Focused on employee safety and business continuity
* While the deal flow status can only be known by the end of the quarter, so far the company has not faced any deal cancellations or deferrals.
* When new deals ramp up, resources shift from one location to another. In some cases, restriction of this movement should lead to delays in deal ramp ups and translate into a revenue impact in the immediate quarter.
* As core markets like Germany, France and the US started reporting cases, the company will have to assess the potential impact on the business.
* Travel and Hospitality verticals should get impacted due to the current situation. BFSI may have further downstream impact.
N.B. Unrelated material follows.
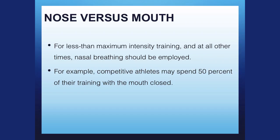For less than maximum intensity training and at all other times, nose breathing should be employed.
* The company made offers to 39k graduates who are expected to join in FY21.
* While no changes have been planned yet from hiring perspective, things can change going forward.
Valuation and view - Expect resilience despite near term uncertainties
* We downgrade our FY21-22E EPS by ~3-5% as we factor in (i) the negative impact of potential disruption due to COVID-19 and associated events and (ii) reset to our exchange rate assumption from INR70.5/USD earlier to INR72.5/USD.
* We like the company for its robust client reference ability, vertical focus, differentiated positioning in the HR supply chain and strong/stable management team. Despite the near-term uncertainties, we expect TCS to be resilient given its historical track record of adapting to multiple business challenges and technology change cycles.
* Over most of FY07-20, one-year forward P/E multiple of the stock averaged ~19x. Our target price of INR2,000 implies 19x FY22E EPS.